= WHAT YOU HAVE TO DO =
Leave out the pictures, and reproduce exactly the lines from the line containing "ＭＩＮＩ ジョンクーパーワー" through the final line of the entries.

= INPUT RECORDS =
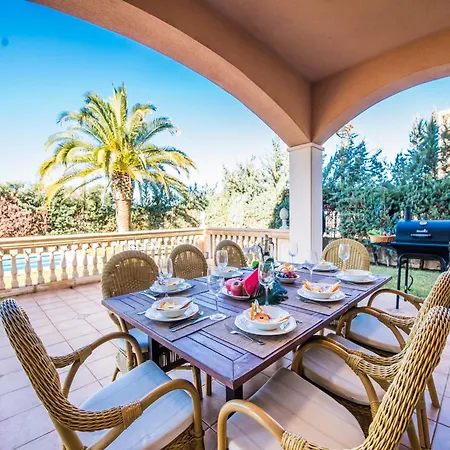 Holiday home Elegant With Garden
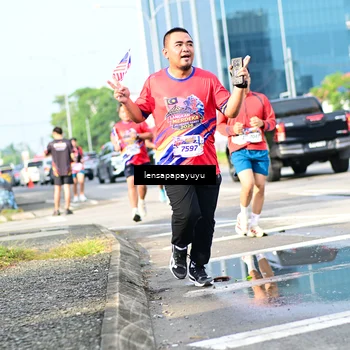 Runner Photo 6016757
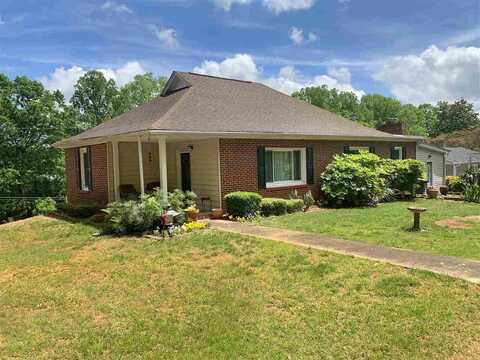 107 S Poplar Ave, Landrum, SC 29356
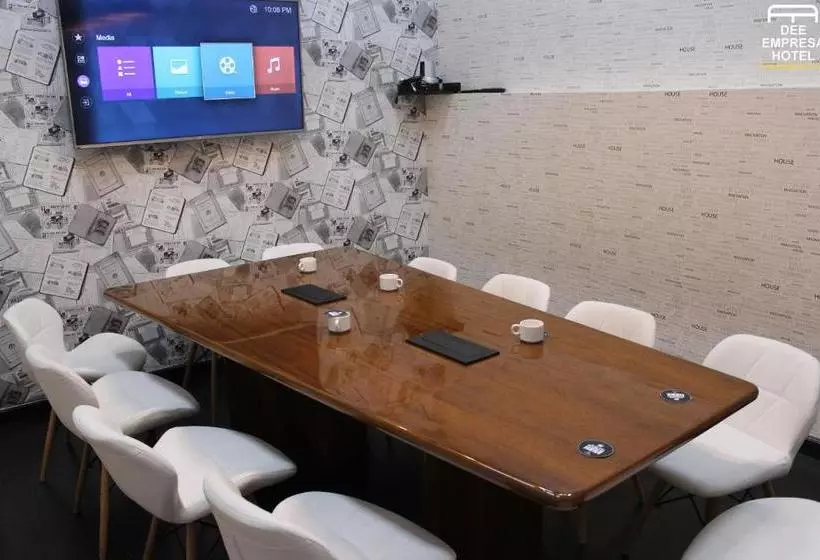 בית מלון כפרי Dee Empresa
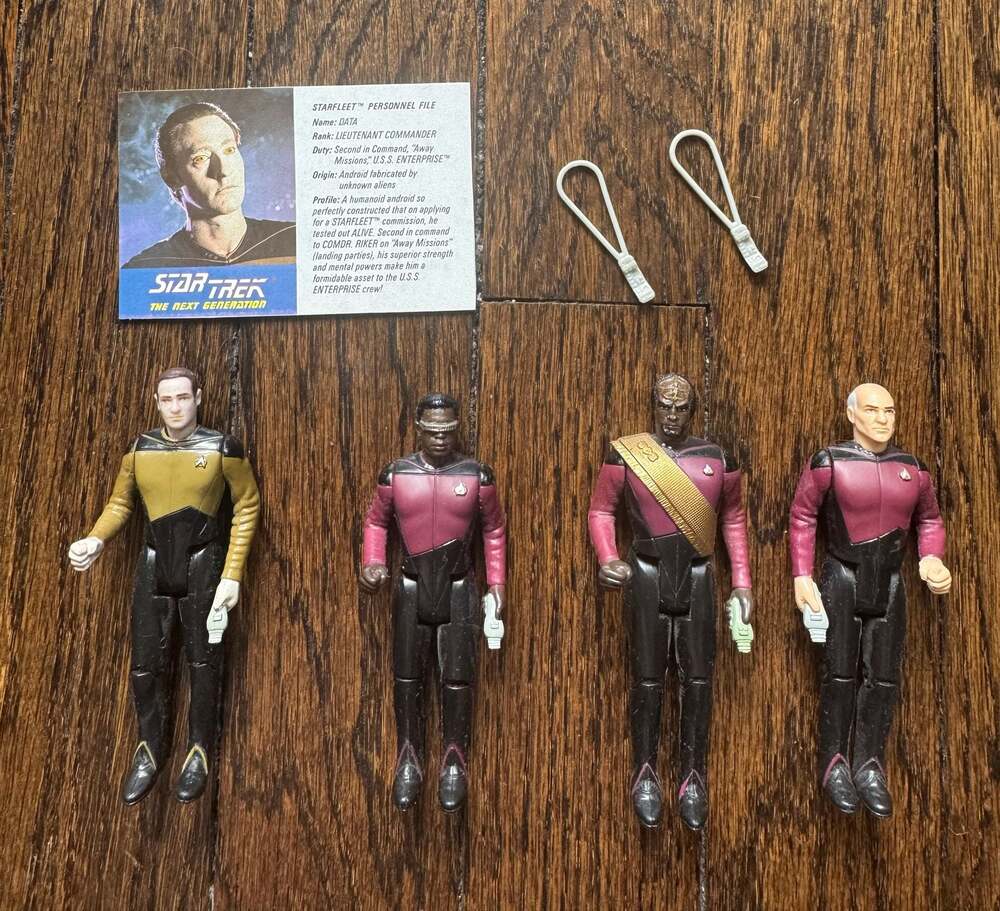 VTG 1988 Star Trek Next Generation Action Figure LOT w/ File Card GALOOB (7pcs.)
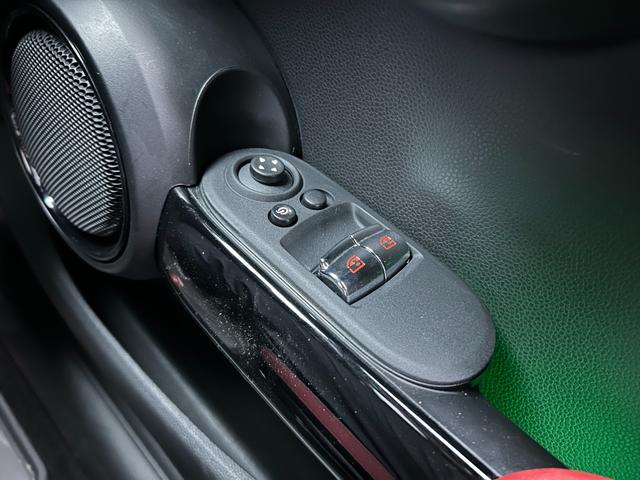 ＭＩＮＩ ジョンクーパーワークス　インテリジェントＳ　アクティブクルーズ　純正ナビ　バックカメラ　カープレイ対応　ヘッドアップディスプレイ　ユニオンジャックテール　ＬＥＤヘッドライト（27枚目）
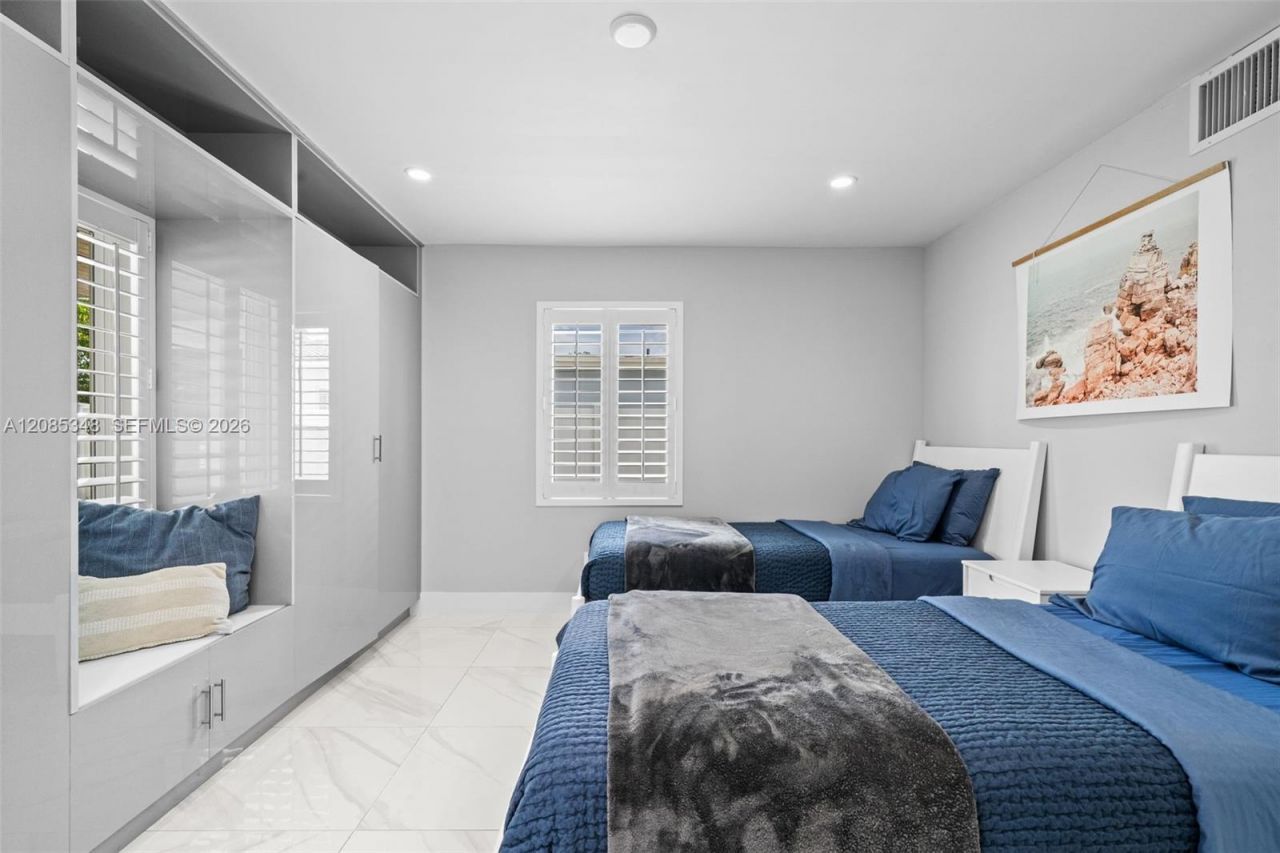 1239 Washington St, Hollywood, FL 33019 Photo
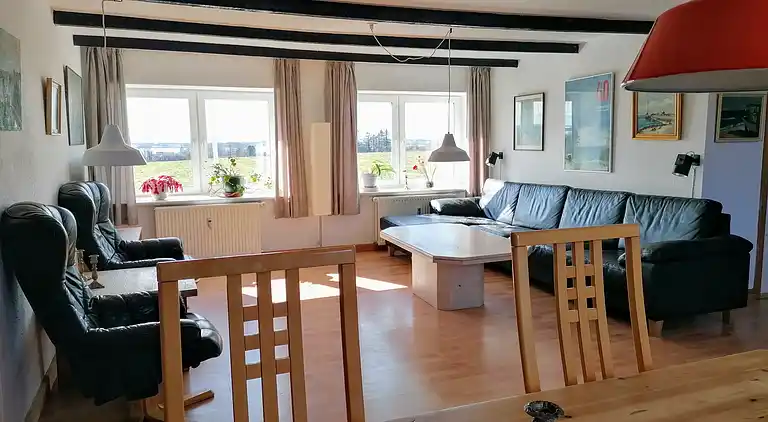 Große Ferienwohnung mit Meerblick in Strandnähe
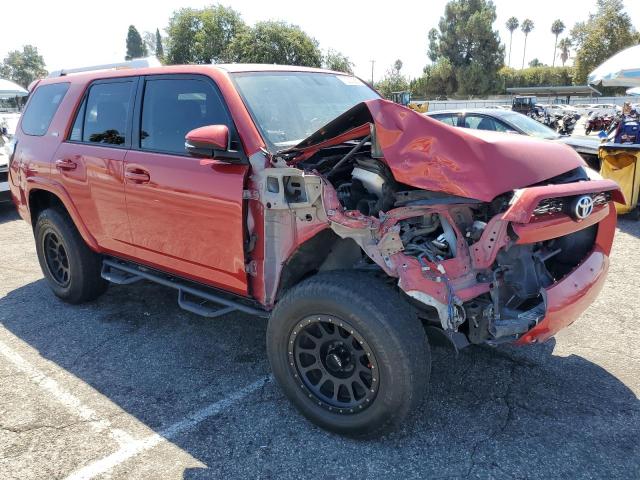 JTEZU5JR3H5150393 - 2017 TOYOTA 4RUNNER SR5 红色 照片 4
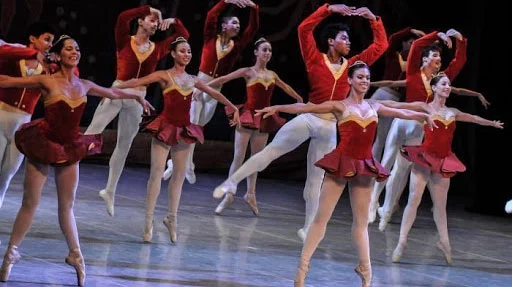 Ballet Nacional de Cuba alista primeras funciones en 2022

= PROBLEM SOLUTION =
 ＭＩＮＩ ジョンクーパーワークス　インテリジェントＳ　アクティブクルーズ　純正ナビ　バックカメラ　カープレイ対応　ヘッドアップディスプレイ　ユニオンジャックテール　ＬＥＤヘッドライト（27枚目）
 1239 Washington St, Hollywood, FL 33019 Photo
 Große Ferienwohnung mit Meerblick in Strandnähe
 JTEZU5JR3H5150393 - 2017 TOYOTA 4RUNNER SR5 红色 照片 4
 Ballet Nacional de Cuba alista primeras funciones en 2022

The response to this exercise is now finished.